There is no factual issue which needs to be resolved at trial and Defendants are entitled to judgment as a matter of law. Consequently, Defendants’ Motion for Summary Judgment are granted as to Plaintiffs claim for declaratory relief based upon fraud in the inducement and as to the entirety of Plaintiffs Complaint for Declaratory Judgment.
This is not an opinion that this Court willingly makes. Here is another of life’s examples where the person who breaks his word (RTTC’s Ricky Taylor) profits from his broken promise. However, this Court cannot ignore Georgia law and, due to the insurer’s oversight, is compelled to reward the broken word,
gQ ORDERED:
. The relevant portion of this July 6, 1993, communication reads: "Please forward written confirmation that Mr. Medders has indeed been, removed from driving duties so that your coverage will be renewed without delay.” Dana Fusaró, an account coordinator with Davis-Garvin, wrote the letter.
. This letter, dated July 13, 1993, was addressed to Davis-Garvin. The text reads in full: "As of July 07, 1993 Mark Medders will no longer be driving a vehicle that belongs to Rick Taylor Timber Company, Inc.” As owner of RTTC, Taylor signed the letter.
.The policy declares that Plaintiff "will pay sums an ‘insured’ legally must pay as damages because of 'bodily injury' or 'property damage’ to which this insurance applies, caused by an 'accident' and resulting from the ownership, maintenance or use of a covered 'auto'.” The policy defines " ‘insured’ ” as "anyone ... using with [RTTC's] permission a covered ‘auto’ [RTTC] owns.”
. The insurer received and accepted payment for the July coverage on August 5, 1993, after becoming aware of the alleged fraud on July 29, 1993.
. Despite Plaintiff’s protestations to the contrary, Loeb and Jenkins do not conflict with the Georgia Supreme Court’s opinion in Columbian Nat’l Life Ins. Co. v. Mulkey. The Mulkey court noted that an insurance company might be estopped from asserting fraud in the inducement "if it should appear that after the discovery of such fraud the company did not promptly move to have the contract of insurance rescinded, but treated it as valid and binding and continued to receive premiums thereon." 146 Ga. at 272, 91 S.E. 106.

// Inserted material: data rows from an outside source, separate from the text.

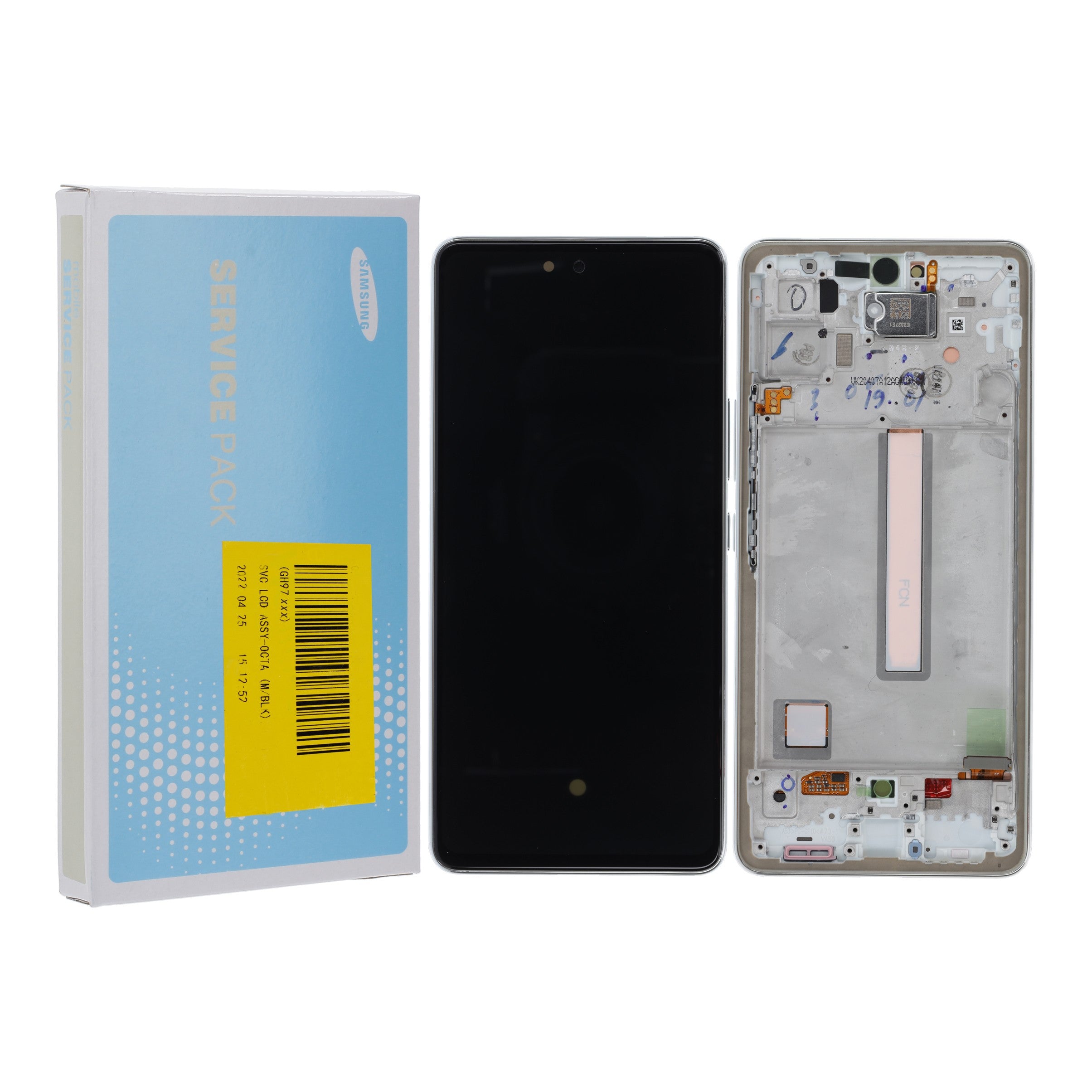 Samsung Galaxy A53 5G A536B Akkudeckel Awesome White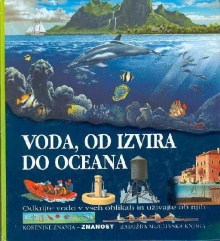 Voda, od izvira do oceana; ... (naslovnica)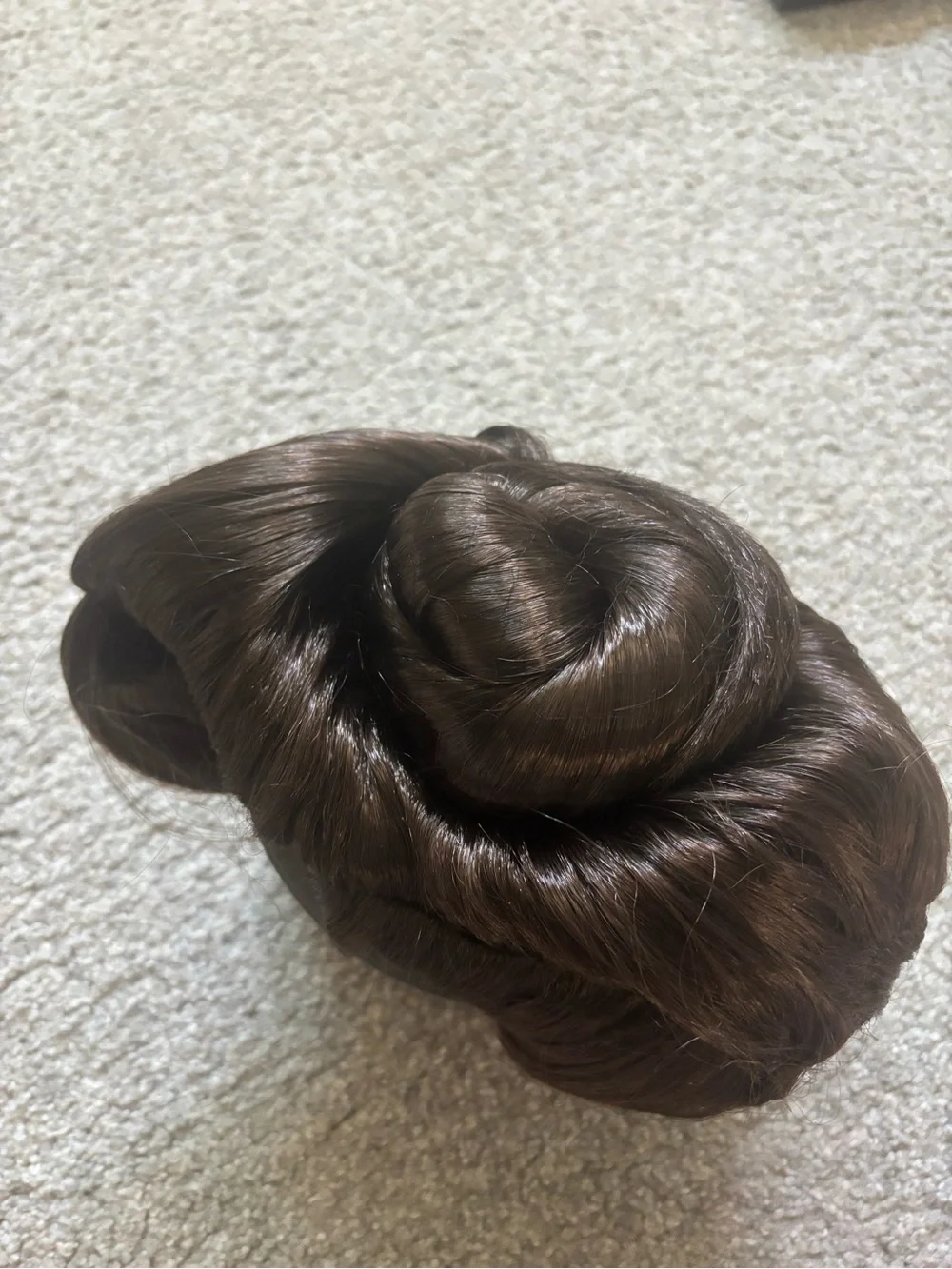 Girls Princess Leia Star Wars wig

. Plaintiff may argue that, by switching policy carriers, it acted to rescind the policy. That, however, would only be a prospective rescission effective August 1, 1993 and would not affect the incident in question. Further, Georgia law requires that the repudiation be clear and unequivocal to have the strength of law in this area. See Roller-Ice, Inc. v. Skating Clubs of Georgia, Inc., 192 Ga.App. 140, 142-43, 384 S.E.2d 235 (1989) (upon discovery of fraud, offer to renegotiate terms of contract amounted to affirmative recognition of contract thereby foreclosing availability of avoiding or rescinding the contract).